A summary of evidence of witnesses is provided below from paragraph 37 of these reasons.
DOES THE APPLICANT PASS THE CHARACTER TEST?
Section 501(6) relevantly provides:
(6) For the purposes of this section, a person does not pass the character test if:
(a) the person has a substantial criminal record (as defined by subsection (7)); or
…
[Emphasis in original]
Section 501(7) relevantly provides:
(7) For the purposes of the character test, a person has a substantial criminal record if:
…
(c) the person has been sentenced to a term of imprisonment of 12 months or more; or
…
[Emphasis in original]
The Applicant will be taken to have a substantial criminal record, and thus not pass the character test, if he has been sentenced to a term of imprisonment of 12 months or more.
Section 501(12) of the Act provides that “imprisonment” includes any form of punitive detention in a facility or institution.
Offending history
An Australian Criminal Intelligence Commission (ACIC) Criminal History Check for the Applicant dated 5 October 2018 shows the following offences committed by the Applicant:
Court Court Date Offence Court Result Mackay Magistrates Court 30 Aug 2018 Attempted fraud - dishonestly obtains property from another (3 counts)
Convicted and sentenced to a term of imprisonment for 12 months, to be served concurrently, to be suspended for three years after serving 4 months. Fraud - dishonestly obtains property from another (12 counts)
Convicted and sentenced to a term of imprisonment for 18 months, to be served concurrently, to be suspended for three years after serving 4 months. Taking a flight using false air passenger ticket Convicted and fined $1000. ACT Magistrates Court 25 Jan 2018 Obtain property by deception
Convicted and sentenced to imprisonment for 6 months suspended after serving 4 months. Melbourne Magistrates Court 20 Oct 2017 Theft
Dishonestly undertake in retention stolen goods
Convicted and adjourned to 21 October 2019 - later discharged.
To pay $1000 to the court fund
Dowling Centre Local Court 21 Jul 2017 Goods in personal custody suspected of being stolen
Offence proven warrant to issue
Fined $440 on 16 June 2019
Participate criminal group contribute to criminal activity
Dishonestly obtain financial advantage etc by deception
Offence proven warrant to issue
Joondalup Magistrates Court
12 Apr 2017 Receiving
Fined $500 Give false personal details to police; criminal investigation Fined $250 Perth Magistrates Court 6 Mar 2017 Give false personal details to police; criminal investigation Fined $200 Perth Magistrates Court 1 Mar 2017 Give false personal details to police; criminal investigation SPENT
Fined $30
Perth Children’s Court 14 Feb 2017 No authority to drive (never held) Fined $100 Hobart CPS 23 Sep 2016 Drive whilst not the holder of a driver license.
Convicted and fined $150
I am satisfied the Applicant has a substantial criminal record for the purposes of subsections 501(6)(a) when read with section 501(7)(c) of the Act, as the Applicant was sentenced to a term of imprisonment of 12 months or more.
Consequently, I am satisfied that the Applicant does not pass the character test.

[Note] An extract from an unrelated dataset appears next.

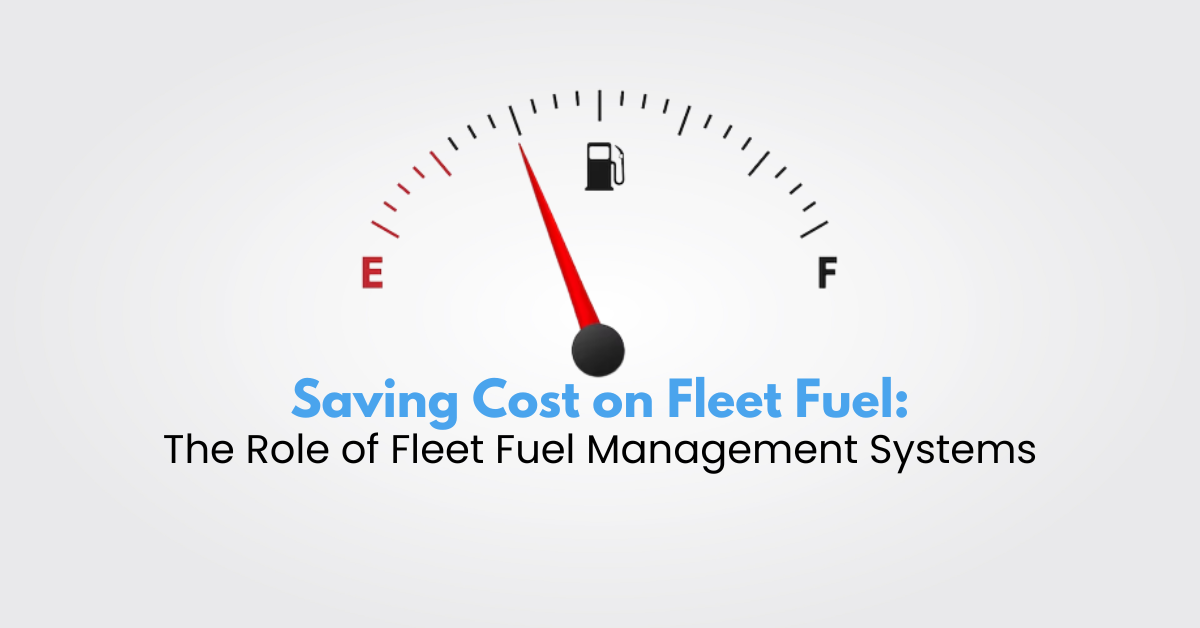Fleet Fuel Management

The only remaining issue is whether there is another reason why the decision to cancel the Applicant’s visa should be revoked.

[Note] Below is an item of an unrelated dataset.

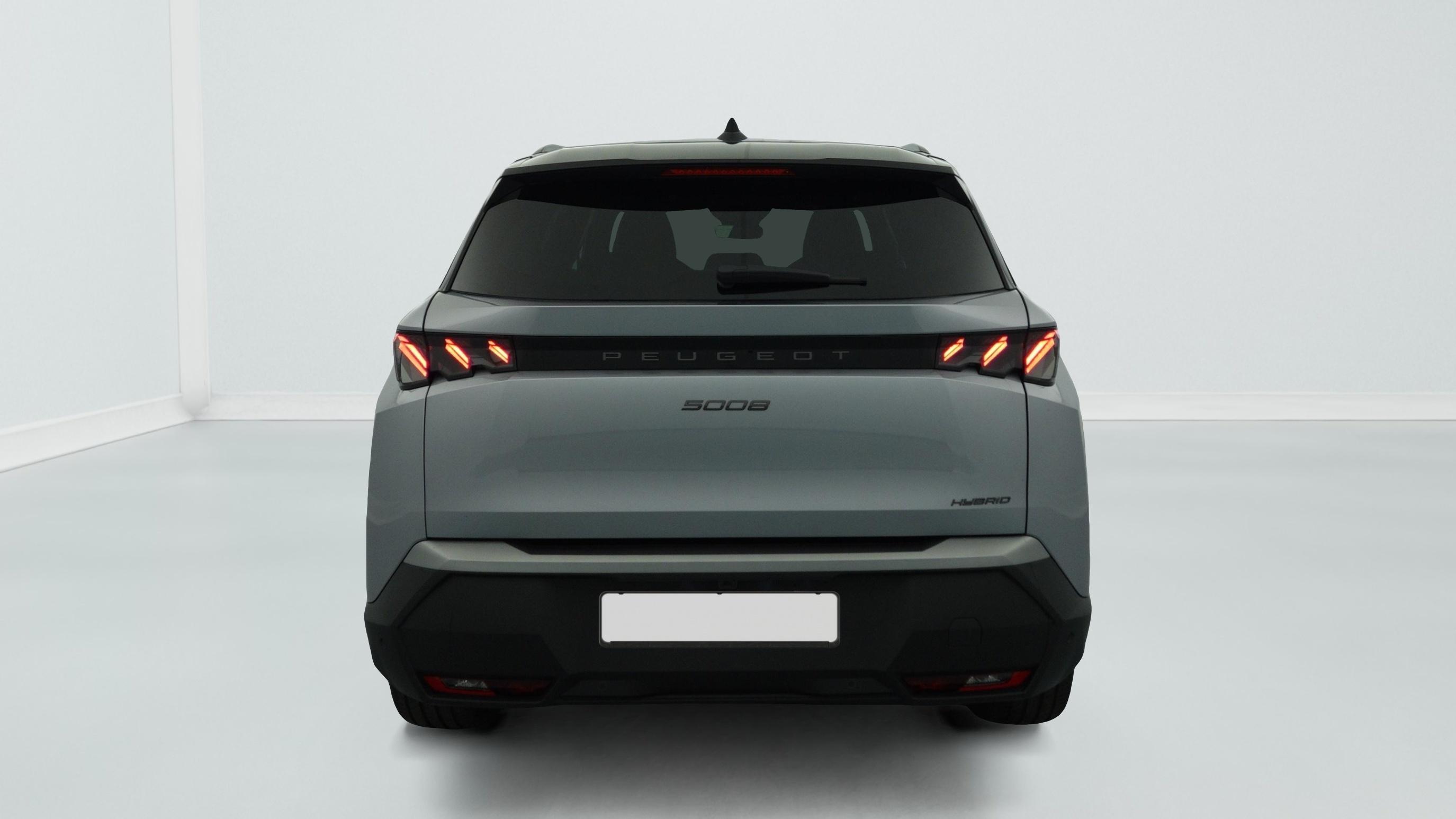 Peugeot 5008 HYBRID 145CH E-DCS6 GT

IS THERE ANOTHER REASON WHY THE CANCELLATION OF THE APPLICANT’S VISA SHOULD BE REVOKED?
In considering whether there is another reason why the cancellation of the Applicant’s visa should be revoked, the Tribunal must comply with any directions made by the Minister pursuant to section 499 of the Act. In this case Direction No 79 – Visa refusal and cancellation under s501 and revocation of a mandatory cancellation of a visa under s501CA (“the Direction”) applies. The Direction provides guidance for decision-makers in determining, relevantly, whether there is another reason why the cancellation of the Applicant’s visa should be revoked.
Subparagraph 8(1) of the Direction provides that decision-makers must take into account the primary and other considerations relevant to the individual case.

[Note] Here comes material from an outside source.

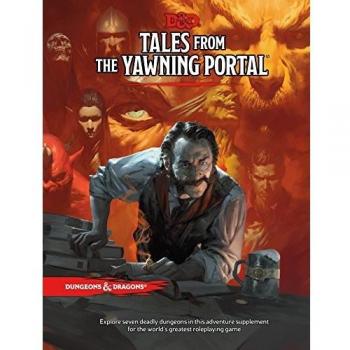 Wizards of the Coast Tales from the Yawning Portal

The relevant considerations in relation to consideration of revocation of a cancellation decision are contained in Part C of the Direction.
Paragraph 13 of the Direction provides for three primary considerations. They are:
(a)Protection of the Australian community from criminal or other serious conduct;
(b)The best interests of minor children in Australia; and
(c)Expectations of the Australian community.
Paragraph 14 of the Direction provides for other considerations. They include, but are not limited to:
(a)International non-refoulement obligations;
(b)Strength, nature and duration of ties;
(c)Impact on Australian business interests;
(d)Impact on victims; and
(e)Extent of impediments if removed.
Subparagraphs 8(3) to (5) of the Direction provide:
(3) Both primary and other considerations may weigh in favour of, or against, refusal, cancellation of the visa, or whether or not to revoke a mandatory cancellation of a visa.
(4) Primary considerations should generally be given greater weight than the other considerations.
(5) One or more primary considerations may outweigh other primary considerations.
In Suleiman v Minister for Immigration and Border Protection [2018] FCA 594 Colvin J stated at [23]:
“… Direction 65 makes clear that an evaluation is required in each case as to the weight to be given to the 'other considerations' (including non-refoulement obligations). It requires both primary and other considerations to be given 'appropriate weight'. Direction 65 does provide that, generally, primary considerations should be given greater weight. They are primary in the sense that absent some factor that takes the case out of that which pertains 'generally' they are to be given greater weight. However, Direction 65 does not require that the other considerations be treated as secondary in all cases. Nor does it provide that primary considerations are 'normally' given greater weight. Rather, Direction 65 concerns the appropriate weight to be given to both 'primary' and 'other considerations'. In effect, it requires an inquiry as to whether one or more of the other considerations should be treated as being a primary consideration or the consideration to be afforded greatest weight in the particular circumstances of the case because it is outside the circumstances that generally apply.”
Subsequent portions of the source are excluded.